Enfin sur le plan pécuniaire, le malaise des producteurs vient de leurs revenus insignifiants. Comme le soulignait Gazawanza (1982) il y a près d’une vingtaine d’années, la sous rémunération du coton, même lorsque les cours variaient à la hausse, justifie la grogne et le mécontentement des planteurs. Pourtant, les conventions initiales signées en 1925 prévoyaient un prix d’achat minimum, calculé d’après un barème basé sur le prix de réalisation sur le marché du Havre. Aux termes des conventions, les sociétés cotonnières étaient tenues d’acheter toute la production cotonnière présentée sur le marché par les planteurs. A partir de la campagne 1942-43, ce furent les autorités qui fixèrent directement le prix d’achat au producteur, et il en est resté ainsi jusqu’à aujourd’hui.

Les prix aux producteurs tout en étant passés de 60 centimes en 1925-26 à plus 100 FCFA, sont demeurés très bas comparés à ceux des

autres produits de rente comme le tabac et le café : en 1998, pour 208 jours de travail par hectare, le cultivateur de coton recevait 40 000 FCFA en moyenne, alors que le planteur de café touchait 135 000 FCFA pour 185 jours de travail seulement (Ministère de l’Agriculture et de l’élevage, 1999).
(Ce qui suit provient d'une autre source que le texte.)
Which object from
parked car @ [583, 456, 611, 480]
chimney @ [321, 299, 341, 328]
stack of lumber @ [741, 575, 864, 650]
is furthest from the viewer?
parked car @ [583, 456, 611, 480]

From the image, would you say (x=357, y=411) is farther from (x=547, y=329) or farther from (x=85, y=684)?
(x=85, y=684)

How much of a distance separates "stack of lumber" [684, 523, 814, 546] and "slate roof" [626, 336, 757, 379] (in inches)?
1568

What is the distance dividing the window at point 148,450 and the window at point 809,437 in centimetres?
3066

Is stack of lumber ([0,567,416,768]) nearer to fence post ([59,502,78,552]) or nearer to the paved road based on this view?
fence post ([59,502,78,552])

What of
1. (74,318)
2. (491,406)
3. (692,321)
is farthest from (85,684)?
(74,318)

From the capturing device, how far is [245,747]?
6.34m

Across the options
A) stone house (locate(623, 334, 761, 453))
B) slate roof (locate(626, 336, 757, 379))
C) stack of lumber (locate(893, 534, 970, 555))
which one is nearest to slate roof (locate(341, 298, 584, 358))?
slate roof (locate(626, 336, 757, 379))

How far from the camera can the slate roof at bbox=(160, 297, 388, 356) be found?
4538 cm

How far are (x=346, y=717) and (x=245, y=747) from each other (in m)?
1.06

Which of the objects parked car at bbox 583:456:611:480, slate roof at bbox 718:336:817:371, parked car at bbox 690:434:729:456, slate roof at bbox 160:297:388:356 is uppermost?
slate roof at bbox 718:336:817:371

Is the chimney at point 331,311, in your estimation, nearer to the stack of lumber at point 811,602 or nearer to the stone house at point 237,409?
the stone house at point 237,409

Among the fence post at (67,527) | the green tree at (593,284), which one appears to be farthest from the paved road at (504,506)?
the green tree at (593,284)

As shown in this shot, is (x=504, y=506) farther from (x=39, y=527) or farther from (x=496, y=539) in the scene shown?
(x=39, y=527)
La grogne est aggravée par le fait qu'une partie importante des maigres revenus était entièrement consacrée au payement de l’impôt perçu au moment du marché. Pendant la période coloniale, les marchés se tenaient au début de l’année, au moment de la perception de l’impôt de telle sorte que le paiement du coton était habituellement effectué en tickets d’impôts, et se faisait toujours en présence d’un représentant de l’administration. Théoriquement, ce dernier devait contrôler la régularité des achats en vérifiant les pesées (Tene-Koyzo, 1980). Mais en réalité, il était là pour la perception de l’impôt et fermait les yeux sur les fraudes opérées sur les balances par les sociétés cotonnières en sous-estimant le poids des paniers de coton. Le paysan était toujours surpris à l’annonce du poids de sa marchandise donné par la balance. Mais étant généralement analphabète, il ne pouvait prouver qu’il était volé. Et d’ailleurs les forces de l’ordre (gardes et miliciens) étaient toujours prêtes à le persuader du contraire au cas où il s’entêterait à réclamer le juste prix de son coton.
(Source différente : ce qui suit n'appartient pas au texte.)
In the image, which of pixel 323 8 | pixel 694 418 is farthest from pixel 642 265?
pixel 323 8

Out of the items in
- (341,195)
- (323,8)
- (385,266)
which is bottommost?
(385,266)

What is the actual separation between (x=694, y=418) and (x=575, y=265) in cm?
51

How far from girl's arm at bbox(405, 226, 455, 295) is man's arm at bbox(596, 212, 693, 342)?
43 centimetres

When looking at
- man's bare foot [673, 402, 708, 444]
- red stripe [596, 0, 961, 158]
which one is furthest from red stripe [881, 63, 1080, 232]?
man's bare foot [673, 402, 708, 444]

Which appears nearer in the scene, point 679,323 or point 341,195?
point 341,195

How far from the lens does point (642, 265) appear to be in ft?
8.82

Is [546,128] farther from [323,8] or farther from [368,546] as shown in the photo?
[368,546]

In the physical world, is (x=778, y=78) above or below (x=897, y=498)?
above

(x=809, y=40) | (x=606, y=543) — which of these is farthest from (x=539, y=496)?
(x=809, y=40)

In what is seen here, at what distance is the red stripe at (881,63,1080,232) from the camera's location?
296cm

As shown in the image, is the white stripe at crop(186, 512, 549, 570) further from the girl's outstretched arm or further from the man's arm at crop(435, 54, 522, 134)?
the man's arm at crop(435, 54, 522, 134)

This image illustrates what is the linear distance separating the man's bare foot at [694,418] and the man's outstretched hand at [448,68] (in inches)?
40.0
Aujourd’hui encore, bien que depuis 1994 l’impôt ait été supprimé, tous les mécanismes de fraude décrits ci-dessus subsistent et contribuent à la spoliation des agriculteurs. 28,6% des planteurs interrogés sur les raisons de leur adhésion aux Groupements d’Intérêt Ruraux (GIP) affirment l’avoir fait pour éviter les fraudes dont ils sont victimes. Les prix de l’outillage, de l’engrais et des produits phytosanitaires sont exorbitants au point que les petits planteurs parviennent tout juste avec leur revenu à s’acquitter des frais d’outillage. En 1998-99, 13% d’entre eux n’ont pas pu rembourser entièrement les frais d’outillage ; d’où l’impression de ces derniers d’avoir travaillé pour rien. Un sentiment qui, pendant la période coloniale, aurait justifié le jugement des planteurs de l’époque, qui associaient l’argent de l’impôt à la culture obligatoire du coton, dont les parcelles furent baptisées « champ du commandant » ; image qui a rendu cette culture impopulaire.